WHAT THIS TASK INVOLVES: The answer must be an exact copy of the lines from the one with "Lumpia Loempia Spring Roll Gift Trucker Cap" through the final line below, with no pictures and nothing else.

THE DATA:
- Opening Delimiter -

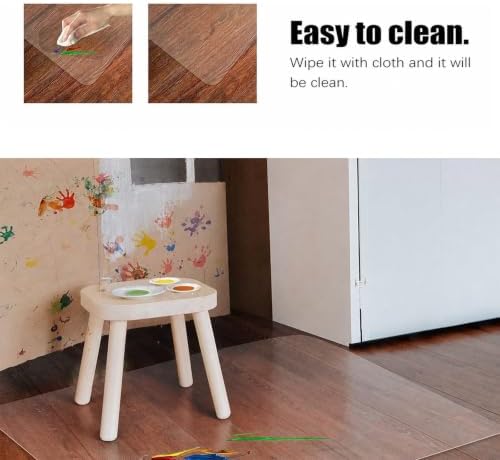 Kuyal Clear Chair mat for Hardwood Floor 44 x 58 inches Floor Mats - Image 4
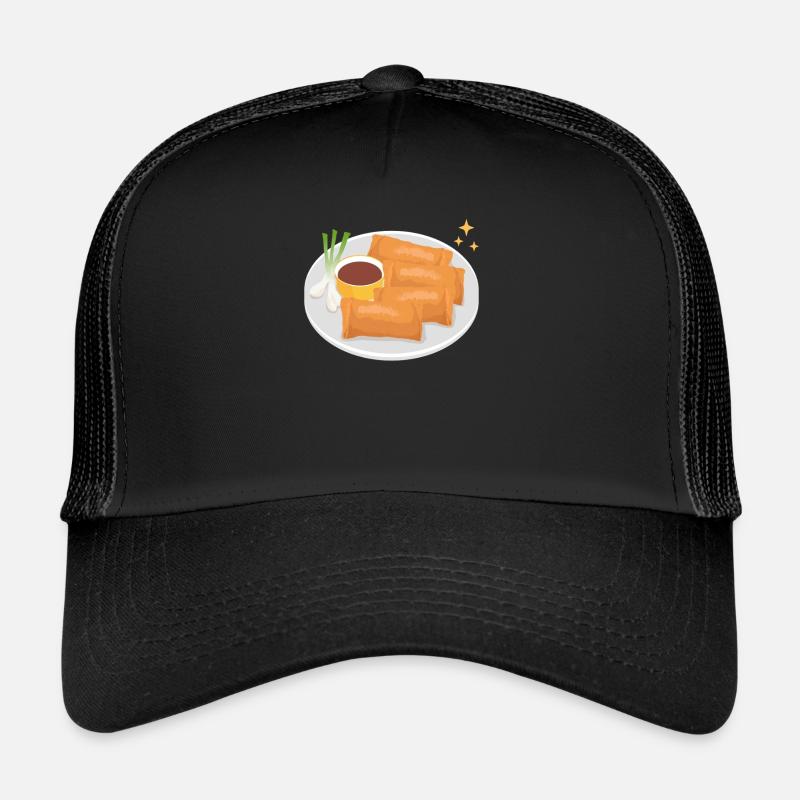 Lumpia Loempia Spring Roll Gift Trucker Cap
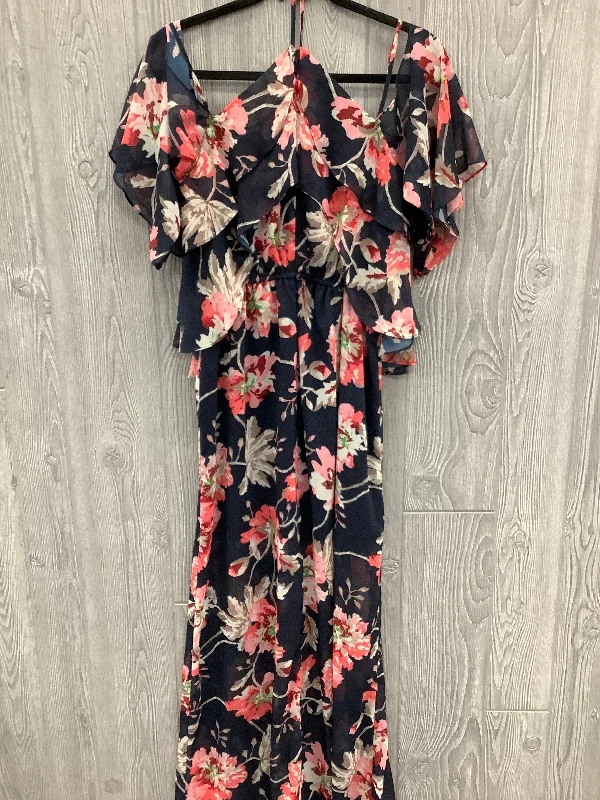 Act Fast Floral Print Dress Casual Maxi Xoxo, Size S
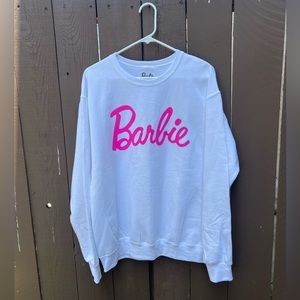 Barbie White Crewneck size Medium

- Closing Delimiter -

SOLUTION:
 Lumpia Loempia Spring Roll Gift Trucker Cap
 Act Fast Floral Print Dress Casual Maxi Xoxo, Size S
 Barbie White Crewneck size Medium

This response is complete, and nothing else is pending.